As a team coach, I’ve observed common conversational habits that reduce team performance and effectiveness. Here are 10 that occur frequently.
Unclear conversational purpose or structure
A conversation begins without a shared understanding of the purpose. For instance, is this an open discussion or is there a decision that needs to be made? Is there a clear structure to make the decision? What do we want to leave with?
Someone throws out an idea or comment and it doesn’t get ‘picked up’ by anyone in the conversation.
When someone says something serious or inflammatory but the team avoids or ignores it.
No one speaks up or follows up even though something is confusing or unclear. Often team members report that they assumed others thought it was clear or they didn’t want to slow down the meeting.
Lack of collective accountability
When the group doesn’t hold each other accountable to follow team norms or agreements. Norms are what gets reinforced or ignored, not what you wrote down. Everyone on the team must have ownership for the health of the team as an organism, not just the leader.
Not celebrating when the team should, for instance when they DID hold each other accountable or someone spoke up and took a risk. The team only celebrates ‘winning’ vs. the process and learning, or they omit these celebrations and new patterns don’t get reinforced.
Direct to Solution
Jumping to a solve without properly understanding the issue or unearthing assumptions.
The more uncertainty or discomfort, the faster the group moves towards solve mode.
Assumptions/Hiding in the ‘we’
Using language that ‘speaks for all of us’ without checking to see if that’s how others feel. Not recognizing the assumptions in your statements.
Someone brings up a new topic and the group goes down that path, even though they weren’t done with the current conversation. No one re-routes back or ‘closes’ the other conversation.
Agreements that are unclear or lack enough specificity that it creates disappointment on both sides. One side believes there is a broken promise. The other side believes they fulfilled the agreement. In reality the original agreement was too vague and had embedded assumptions.
It starts with a foundation of psychological safety. Team members can self-assess with the following question: How safe do I and other team members feel to openly share thoughts without fear of negative consequences?

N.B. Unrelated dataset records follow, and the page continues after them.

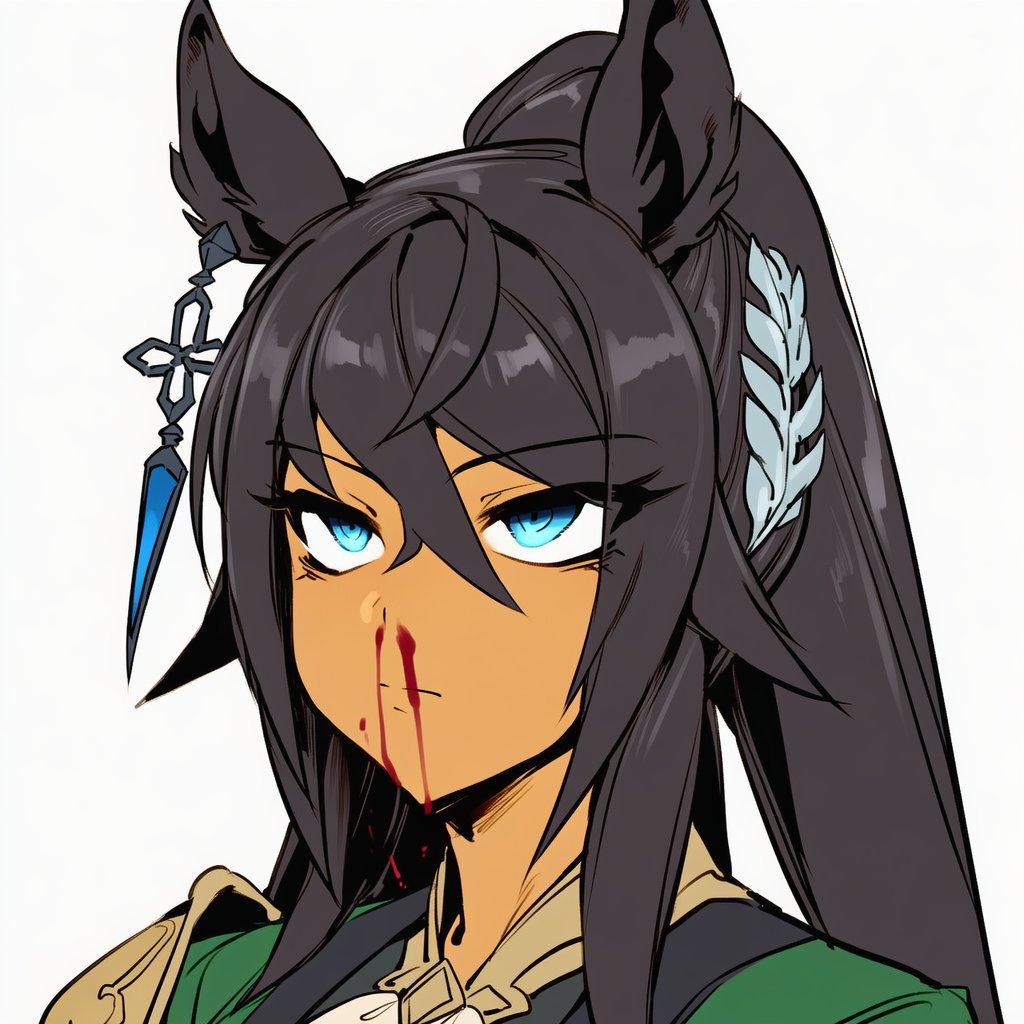 ๐พ๐ผ๐๐๐๐๐'๐ ๐๐๐๐ผ๐ ๐๐๐๐๐ฟ tweet media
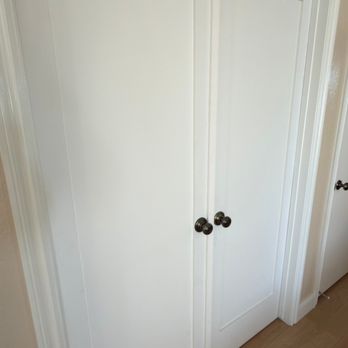 DoorsPlace - Door Sales/Installation Near Me
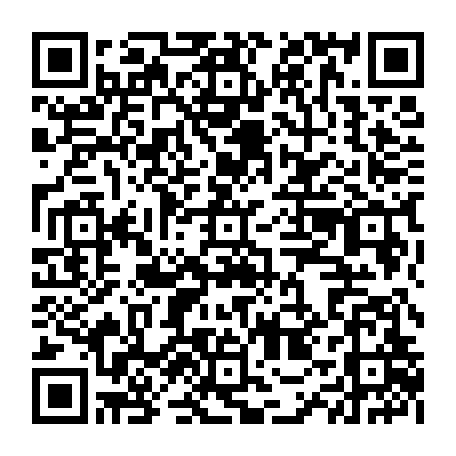 79913735147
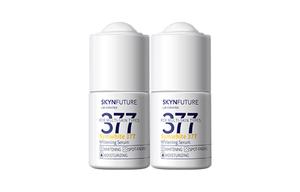 Сыворотка унисекс SKYNFURURE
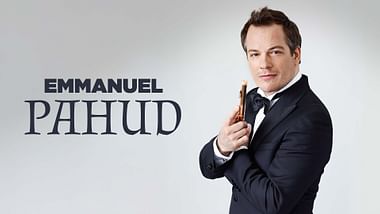 Riccardo Minasi dirigiert Schubert, Mozart & Mendelssohn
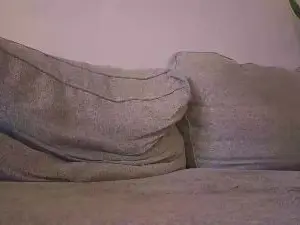 Cam4 Best Webcam of Sweetlife85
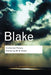 Collected Poems by William Blake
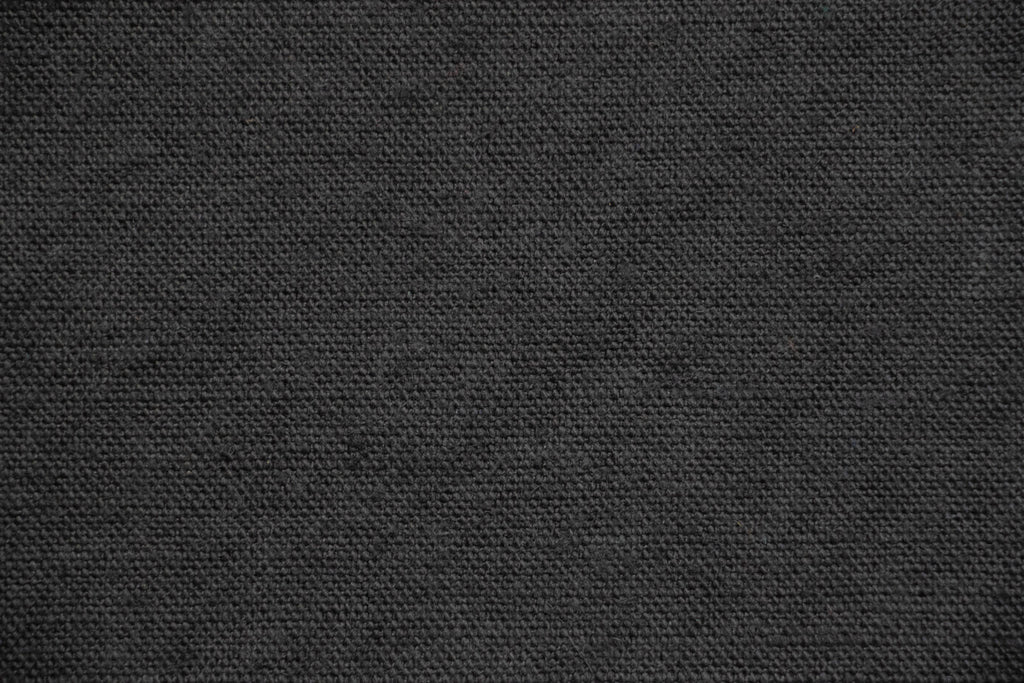 MARTAU.  Manatee shoulder M［受注会／2026年5月末〜6月末出荷予定］［期間限定販売］
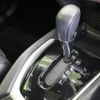 nissan x-trail 2017 quick_quick_DAA-HT32_HT32-107291 image 13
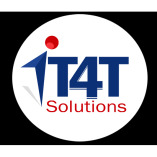 IT4T Solutions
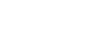 Register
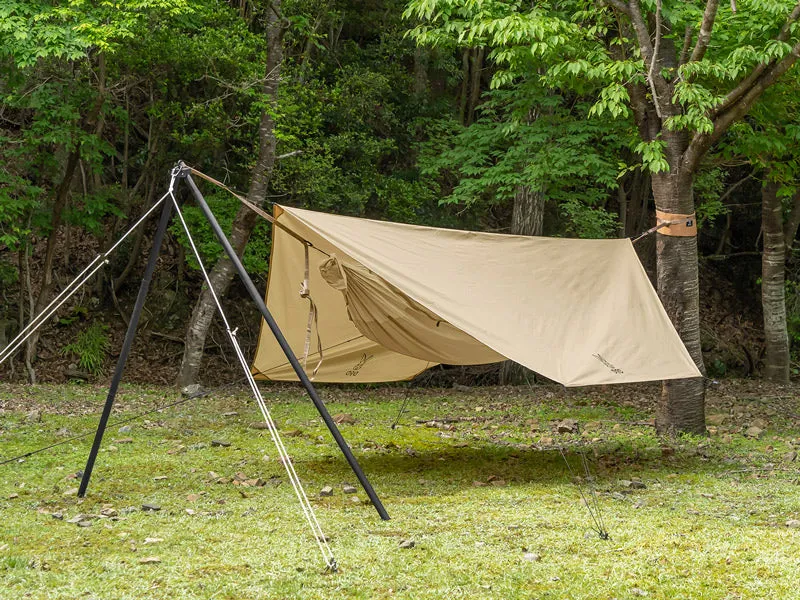 DoD ITSUKA NO HAMMOCK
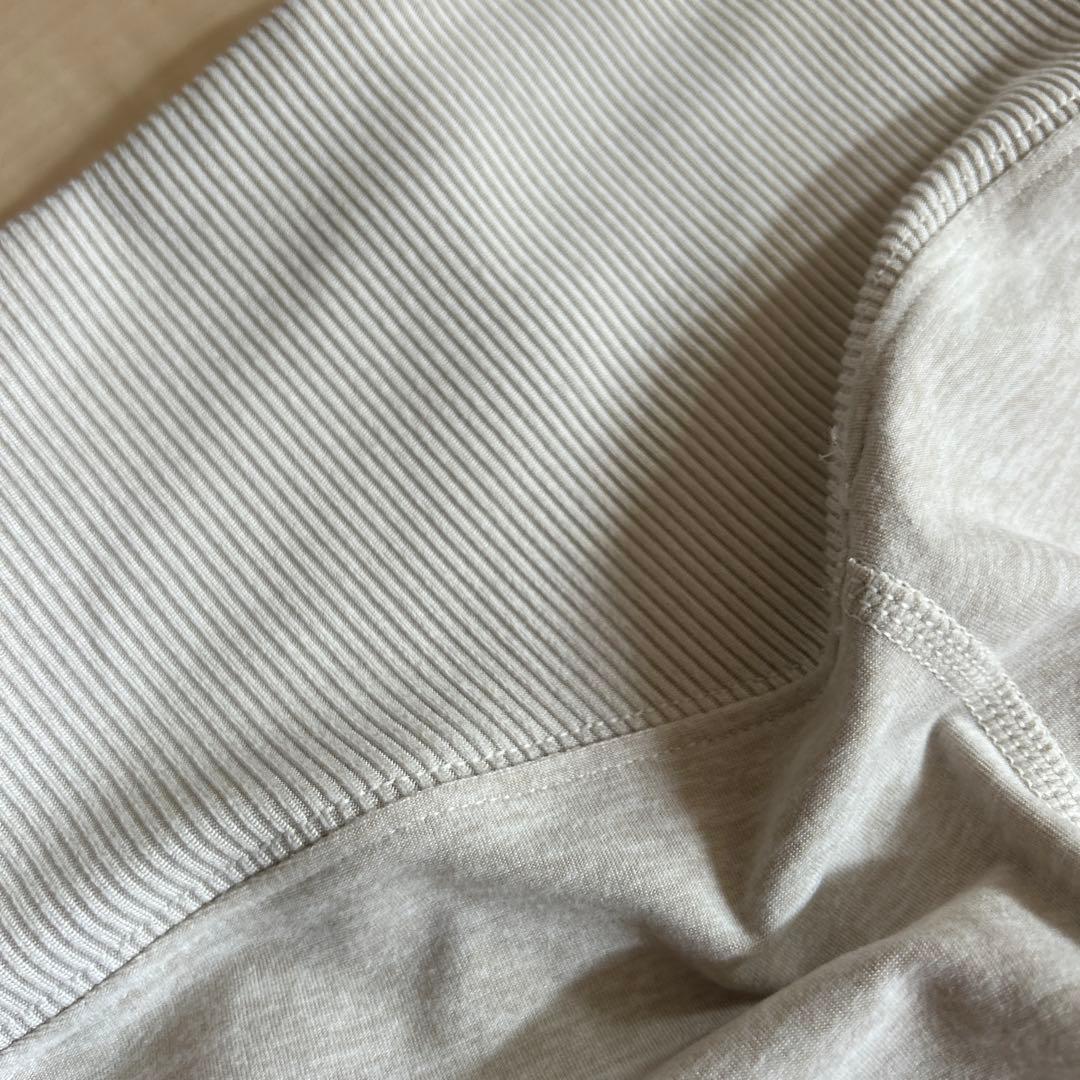 ヨガ・ピラティス Alo yoga XS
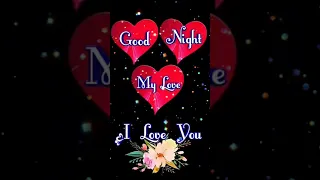 Good Night Status Videos WhatsApp Status Videos Good Night 07/06/2023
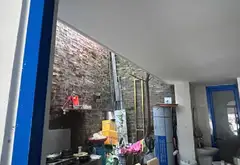 Bán Nhà hiếm giá rẻ mặt phố Đường 2 Tháng 9, Hải Châu Đà Nẵng giá tốt 9 tỷ... Bán nhà mặt phố tại Hải Châu, Đà Nẵng 11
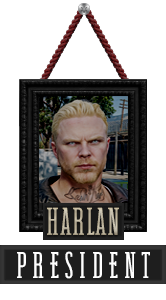 Harlan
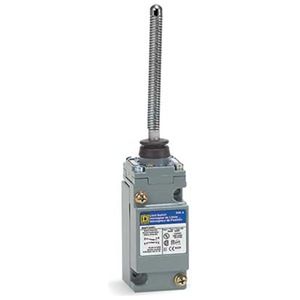 Square D 9007C54KC Switch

For teams with a low-degree of psychological safety: Utilize a team coach. Our team coaching approach uses an iterative, facilitated process of noticing, experimenting, and practicing shared team ownership that amplifies safety for difficult conversations. Eventually, it allows the team to be their own coach by assessing their current patterns and course-correcting them in the moment.
For teams with a medium-degree of psychological safety: Take a meeting inventory. At the end of every meeting, take an inventory. Ask the group: How did we do? Did we stay on topic? Was everyone’s voice heard? What, if anything, could we do differently next meeting for our conversation to be more effective?
For teams with a high-degree of team psychological safety: Pause, Notice and Name. Review the list of conversational habits above, and pick one to work on. Practice pulling up mid-conversation and asking: “what do we notice about what’s happening right now?” Name what’s being experienced and collectively make a choice about what happens next.
Most teams need to build a stronger crucible that can hold the heat of productive conflict. This means an upgrade to their operating system.
Individual intelligence is not synonymous with collective intelligence. In fact, sometimes it makes it worse. That’s why it takes practice. The payoffs include: high levels of trust, high degrees of team ownership and accountability, greater intellectual honesty, and a team-first orientation.
If you are tired of ineffective teamwork that leads to missed opportunities and stalled progress, it’s time to upgrade your team’s operating patterns and embrace the power of team coaching.